According to the company's web site, "Titanium is a relatively low-density, high-strength and easily fabricated metal that is also resistance to corrosion" – unique properties, it says, that "make it an excellent component to these high-quality and fashionable speakers. "Listen", the site urges us, "to accurate, balanced and natural audio, with wider dispersion for a wholesome audio-listening pleasure." Indeed. Couldn't have put it better myself.
The plastic shell on each individual speaker has an opening towards the back that's part of a design intended to enhance their bass. Or, as Creative would have it, "I-Trigue introduces a revolutionary patent-pending Acoustic Loaded Module (ALM). Departing from the conventional ported satellite speaker design, I-Trigue employs an innovative technique of sound wave channeling through multiple concentric chambers for lower frequency extension, by means of an Acoustic Loaded Module." Mmmmm.
Each satellite is mounted on a silver-coloured metal base. The four surround satellites are fixed in position – they don't tilt – which might make them look better but struck me as odd from an acoustic perspective.
Just think about it. Who's to say where and how these satellites are going to live? And they're having a fixed angle means you'll have to change their location, rather than just tilt them, to get the best result – likely having to put them below ear level. More puzzling still, Creative supplies wall mounts, but how many of us would want to see speakers mounted down low, rather than high up and angled downwards?
In contrast, the centre speaker – mounted horizontally rather than vertically – can swivel up or down on its stand to vary its angle of attack, making it doubly odd that the surround satellites lack this flexibility. Staying with illogicalities, Creative's web site shows an accessory that really will put the centre speaker in your face – a mount for placing it on top of an LCD monitor or an LCD TV set.

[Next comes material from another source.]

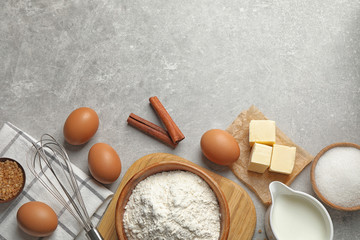 Flat lay composition with fresh ingredients for delicious homemade cake on light grey marble table. Space for text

Questions of good taste aside, though, I'd personally pass on that option even though I use a beast of a monitor - a 24in widescreen panel. I'd worry about having the weight of Creative's centre speaker box on top of it, even though the monitor has a substantial frame.
A little worryingly, one of the surround satellites sat on its stand like it's spent a night on the tiles – something that would have me rushing back to the shop or requesting my on-line reseller for an RMA note.